WORK REQUIRED: For each record below, set it down exactly but leave out any picture.

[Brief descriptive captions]
'''

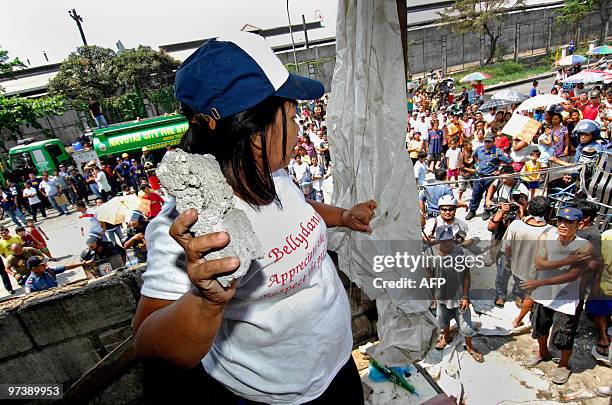 Resident threatens to throw a piece of concrete at members of a demolition team during a confrontation in the Manila suburb of Navotas on March 2,...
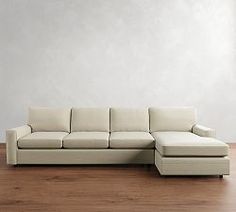 a white couch sitting on top of a wooden floor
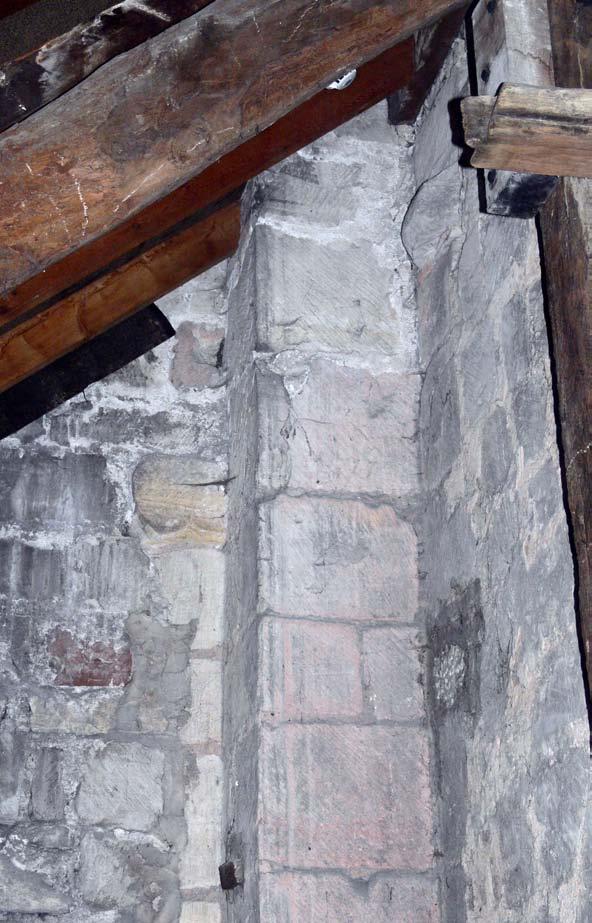 Fig 4 North aisle roof, photograph (P1010818) of capital and shaft on east wall, remains of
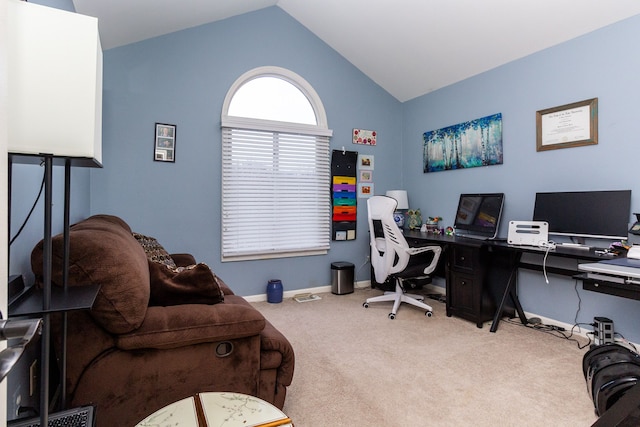 carpeted home office with lofted ceiling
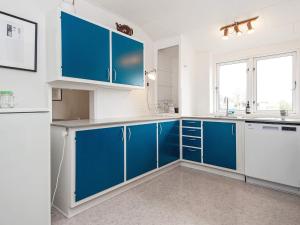 a blue and white kitchen with blue cabinets at Holiday home Nordborg XXV in Nordborg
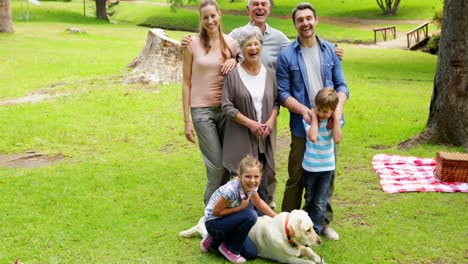 Multi-generation-family-smiling-at-camera-in-a-park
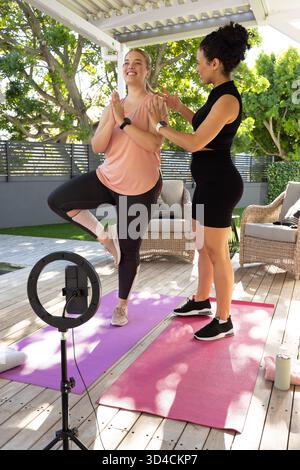 Practicing Diverse female trainer and client balancing on pergola deck, with yoga mats, ring light Stock Photo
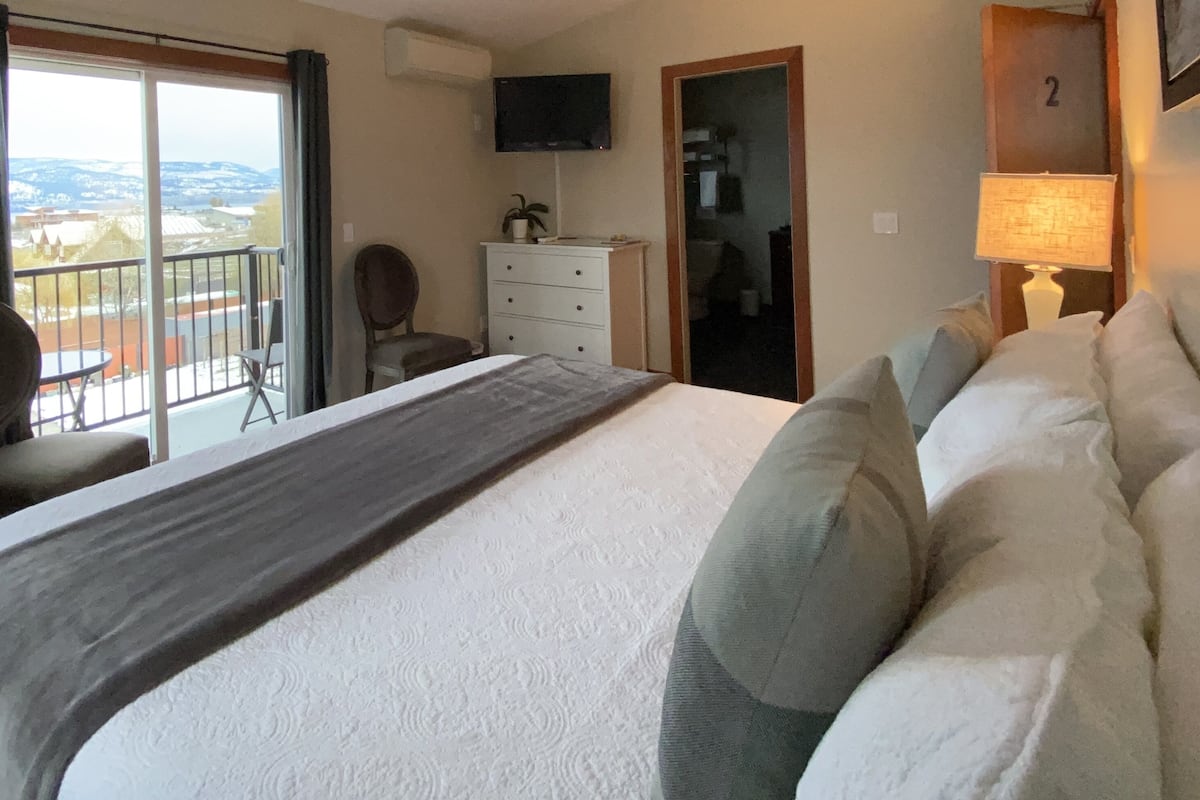 A hotel room with a large bed, a chair, a dresser, a TV, and a balcony with a view.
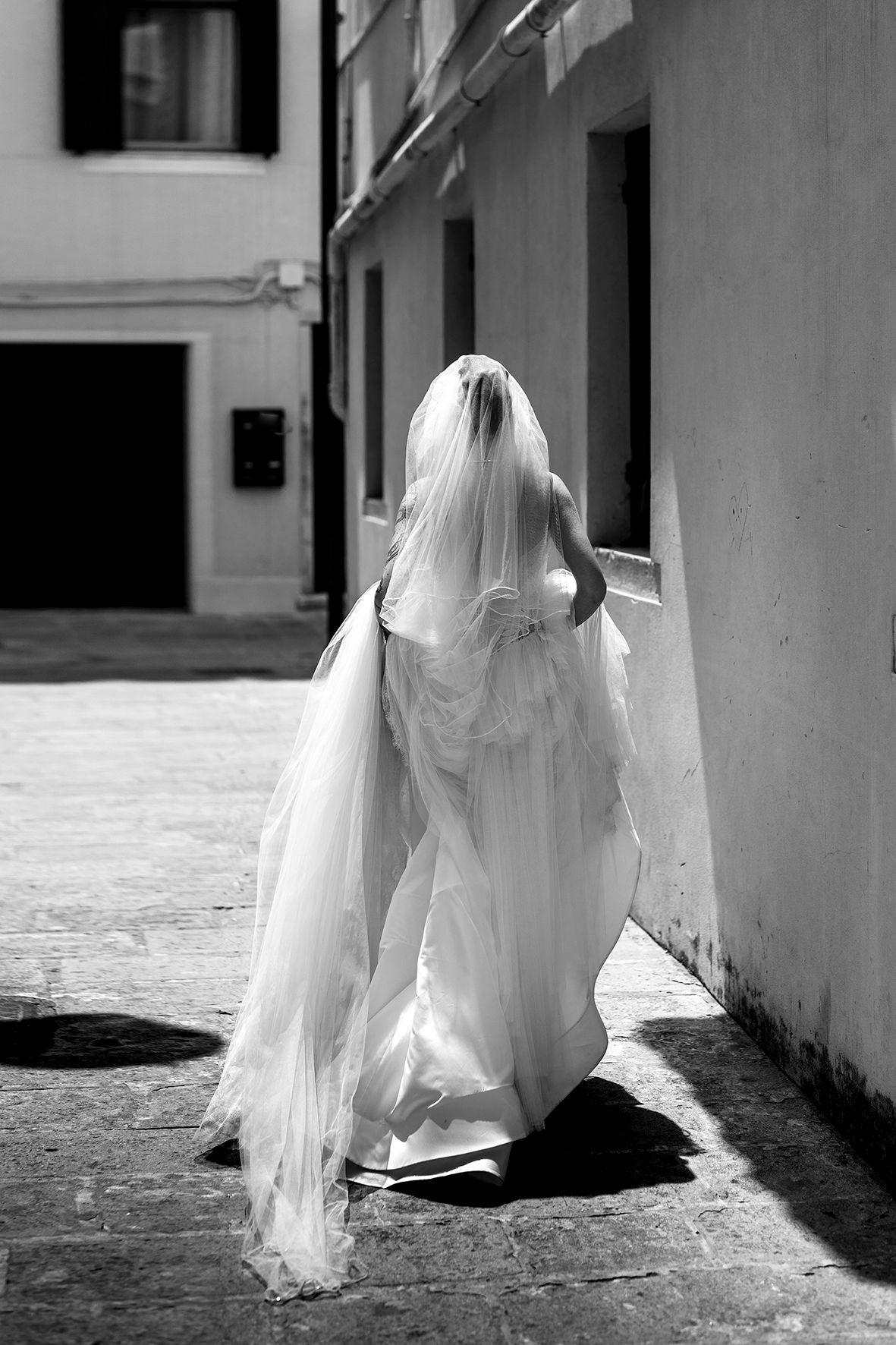 A bride in flowing white dress and veil walks through a narrow alleyway in dramatic black and white.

'''

SOLUTION TO THE EXERCISE:
 Resident threatens to throw a piece of concrete at members of a demolition team during a confrontation in the Manila suburb of Navotas on March 2,...
 a white couch sitting on top of a wooden floor
 Fig 4 North aisle roof, photograph (P1010818) of capital and shaft on east wall, remains of
 carpeted home office with lofted ceiling
 a blue and white kitchen with blue cabinets at Holiday home Nordborg XXV in Nordborg
 Multi-generation-family-smiling-at-camera-in-a-park
 Practicing Diverse female trainer and client balancing on pergola deck, with yoga mats, ring light Stock Photo
 A hotel room with a large bed, a chair, a dresser, a TV, and a balcony with a view.
 A bride in flowing white dress and veil walks through a narrow alleyway in dramatic black and white.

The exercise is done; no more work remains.